1. Certain features of some importances relating to the procedure to be followed in Narcotics cases where seizures of very small quantities of contraband is made, as also the manner in which a Court would approach S. 27 of the Act for ascertaining as to whether the accused found in possession of the contraband can be said to have obtained it for personal consumption, fall for determination in this case. The appeal has been preferred by the appellant who has been convicted under S. 22 of the Narcotic Drugs and Psychotropic Substances Act and awarded a sentence of 10 years rigorous imprisonment and to pay a fine of Rs. 1,00,000/- in default to suffer rigorous imprisonment for two years. It is alleged that on 16-6-1990 at about 10-35 a.m. the accused was apprehended by the Police authorities near Zulelal Mandir which is located adjacent to the Pimpri market. On his being searched in the presence of panchas, 8 pudis were found in his trouser packet and it was detected that they contained Gard Powder. The Police weighed the packets which collectively recorded a weight of 1 gram 950 mlg. The contraband was sent to the Chemical Analyser and the Analysis report is to the effect that Heroin is detected in all the eight samples along with other opium alkaloids. The accused came to be prosecuted and the learned Trial Judge accepted the prosecution evidence, convicted him and awarded a sentence as indicated above. The only feature of some relevance which needs to be mentioned is that the accused in his statement under S. 313, Cr.P.C. mentioned that he is addicted to consumption of this particular material. The accused who is in custody has through this appeal assailed the correctness of the conviction recorded against him.
2. Kum. Dandekar, learned counsel appearing on behalf of the appellant has assailed the evidence on record which consists of the deposition of the pancha who has supported the prosecution case, as also the P.S.I. Divane who carried out the raid. She contends that the police have falsely implicated the accused and that he was picked up on suspicion and the material which the Police do not have difficulty in laying their hands on was planted on him. We have scrutinised the depositions of these two witnesses as also the panchanama and in our considered view, there is nothing that has been brought on record that would justify our rejection of this evidence. That the accused was apprehended on the morning of 16-6-1990 and that the 8 pudis were found on his person has been established and the finding of the Trial Court to this effect cannot be disturbed.

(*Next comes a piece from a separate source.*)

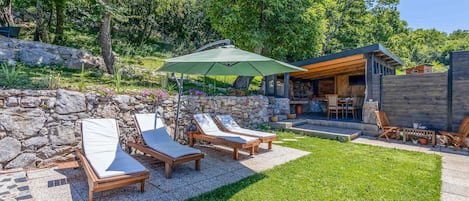 Un patio con sillones de descanso y un muro de piedra, una terraza de madera y un edificio de piedra con un área al aire libre cubierta.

3. The second submission advanced by the learned defence counsel is that the investigating authorities have committed a serious error in having weighed the paper packets along with the drug and in having recorded the aggregate weight of 1.950 grams. Ku. Dandekar submits that S. 27 of the Act specifically prescribes a lesser punishment for possession of small quantities and she contends that has this error not been committed, that there is enough material on record to indicate that this case would come within the ambit of S. 27 of the Act. The learned A.P.P. on instructions from the Investigating Officer has pointed out to us that in the present case, the amount of powder in each of the packets was so very small that the only option available to the Officer was to seize the packets in the condition in which they were. The learned A.P.P. conceded that it is the weight of the contraband which is material and particularly in cases where the quantity is small, it is more important of the investigating authorities to follow a procedure whereby the Court can definitely ascertain as to what exactly the small quantity was. In the present case, we do concede that there are practical difficulties in the way of the authorities in the matter of transferring the powder separately and thereafter ascertaining the exact weight of the powder. In the absence of the paper in which it is wrapped. To our mind, it is not impossible. All that the Officer is required to do is to ascertain the total weight, thereafter ascertain the weight of the wrappers and if these two are accurately recorded, the difference between them would certainly indicate the exact quantity and weight of the powder that was contained in the wrappers. It is not only desirable but essential that such a procedure be adhered to as otherwise a Court would find it difficult as in the present case to hold that the quantity involved is not within the ambit prescribed by S. 27.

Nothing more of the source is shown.